Three more hours of dealing with other people’s problems.
Yesterday I started to worry that I was getting depressed again. I suddenly just felt … I don’t know, I felt off. I felt like I just didn’t care about any of it anymore. I didn’t want to go home and face the chaos of trying to clean and pack and deal with the kids.
But then I got home and amongst the chaos and dirty faces and piles of laundry to fold, I felt immensely better. I was happy to be home. I can’t begin to describe how reassuring that was to feel. Despite the state of emergency that my house is currently in, I was happy to be home and in the middle of it.
I don’t need a break from my family, house or kids. I need a break from work.
Only three more hours to go.
Further to my post yesterday, I haven’t had any extended time off from my practice since July, 2014. When my receptionist pointed that out to me, I was kind of surprised. I’ve taken a few long weekends here and there but yeah, I haven’t really had a break from my job in well over a year.
It’s no wonder I’m a little cranky.
My older colleagues regularly take a month off every summer and at least a week or two in the winter. They can afford to do so as their children are now all grown up and out of the house. I am not in that position yet. I still have a mortgage and other debt to pay off and I wonder sometimes if I ever will?
I love my job but it’s hard to listen to other people’s problems day in and day out. Most of the time I can help solve the problem; here’s an antibiotic for tonsillitis; here’s a pill for your awful irregular periods, or here’s a great physiotherapist for your chronic ankle sprain. If that was the extent of the problems I would be fine without a regular holiday. But it’s not like that in family medicine. In family medicine I see the wife who found out her husband is having an affair; I see the schizoaffective patient off their meds; I see the teenager with anger management issues displaying cluster B traits (borderline personality disorder) who bounces from one psych unit t to the next; I see the elderly woman with memory problems who doesn’t remember she has memory problems.
I am privy to the knowledge that a wife plans to leave her husband, who is also my patient and is about to be blindsided. I am privy to the knowledge of a history of horrific childhood abuse and the subsequent psychological damage that does to a person. I am privy to the knowledge that a 40-something year old man really wants to be a woman.

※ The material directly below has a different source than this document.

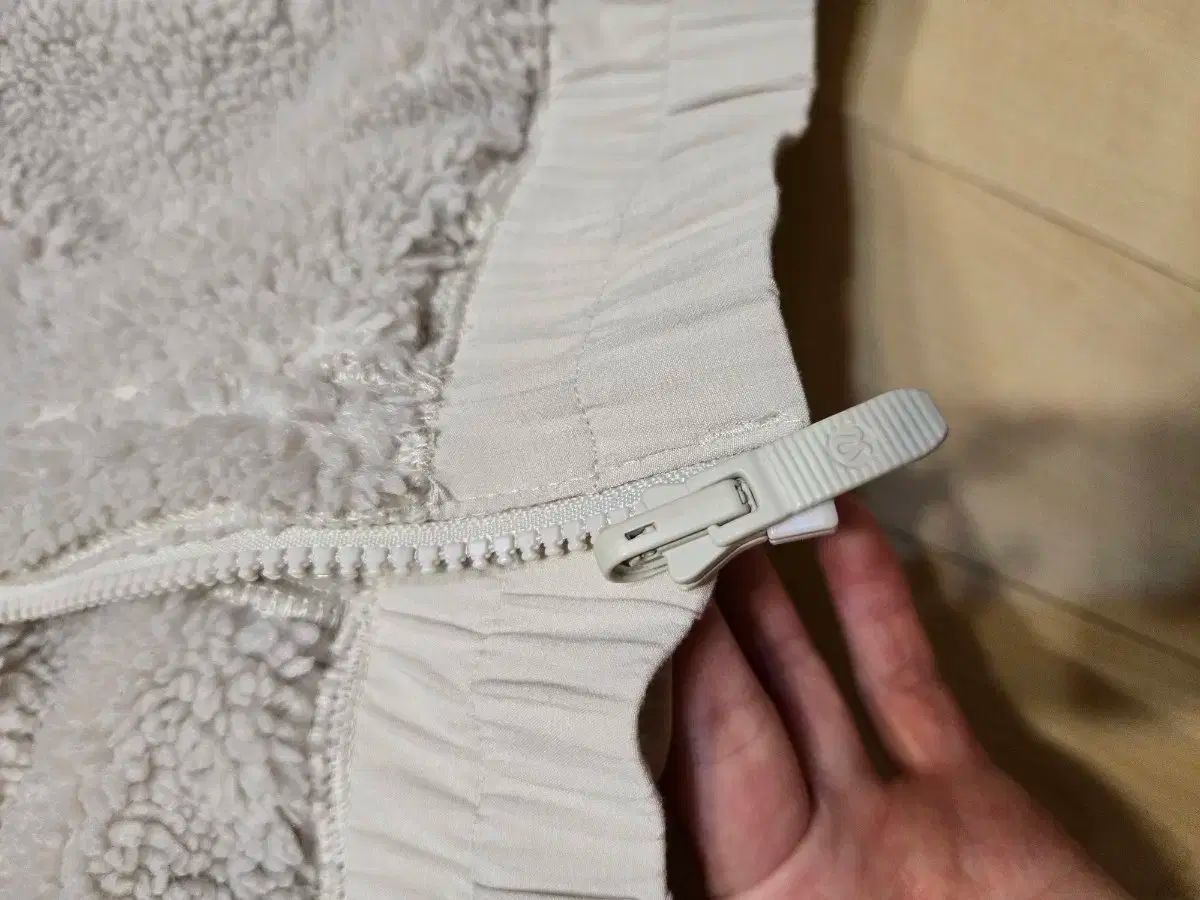 lululemon(ルルレモン) ボア ジップアップパーカー フード付き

It is a privilege to be these people’s family physician, it really is.
But even the doctor needs a break.
I know it’s been a while that I’ve written when I can’t remember what my last post was about. There’s been a lot going on, all of it good for the most part.
Daughter got her cast off and is on the mend. Most days I think she forgets about the elbow injury but she has been careful not to test it on the monkey bars (thanks in large part to the Orthopedic surgeon who told her not to go near them for a few weeks).

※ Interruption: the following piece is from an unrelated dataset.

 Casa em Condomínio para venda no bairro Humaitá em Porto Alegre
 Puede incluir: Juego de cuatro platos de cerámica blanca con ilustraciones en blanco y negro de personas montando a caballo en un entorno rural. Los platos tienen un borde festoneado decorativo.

I’ve been a slammed at work… again. My colleague had a family emergency quite suddenly and we’ve had to juggle her practice. Thankfully there was a replacement doctor coming in for some vacation time so that has eased the burden this week. I often feel I am asked to cover for my colleagues more than they cover for me and it’s been like that for years. I work more than they do so it makes sense, I guess. Still, it’s annoying and not likely to change unless I also reduce my hours, which isn’t going to happen anytime soon. I nod politely and tell them I’ll do what I can but inside I can’t help but feel resentful. I know this is something that can’t continue because it will eat away at me. I just want things to be equal and I fear it’s never going to be.
Running is going well. I signed up for a 15k race and it’s coming up this weekend. Of course I am nervous about it; I worry I’ll fall flat on my face and not finish even though I ran 18k two weeks ago, my furthest run to date. The last 2k were very hard and I walked a lot so I know I was pushing myself but I felt I needed to in order to feel more confident about the upcoming race. I’ve been tapering since then and haven’t run more than 5-7 km and taking more rest days. I ran 87.5 km during the month of May. My total for the year so far is 381 km. I am not sure I’ll reach my goal of running 1000 km in 2015 but I do know that I will run a half marathon.
I also started strength training at home on the suggestion of my chiropractor and Pilates coach. I’ve been doing upper and lower body free weights and have noticed a significant difference in my stamina already after just a month. During my last run a few days ago, I was able to run up a very large hill without any walking. That’s not something I could have done a month ago. What an exhilarating feeling! I have to say it’s also pretty cool seeing the changes in my muscles. I already had pretty strong arms thanks to carrying toddlers around for the past 6 years almost non-stop. My main weakness has been in my glutes so I learned how to do dead lifts and started incorporating those a couple of times a week into my routine. Core strength is incredibly important as well and planking has helped. My FB running group has a daily elbow plank challenge going on this month and my time has already increased by almost 25 seconds in just a week. I’ve also been biking to and from work at least once a week as well. I have a mountain bike, it’s pretty heavy and not terribly efficient so it’s a good workout, especially when I’m riding along the trail and have to climb the hills.
Fortis ego sum.
I am strong.
Ten mini eggs?
Does the word “ten” start to look funny to you?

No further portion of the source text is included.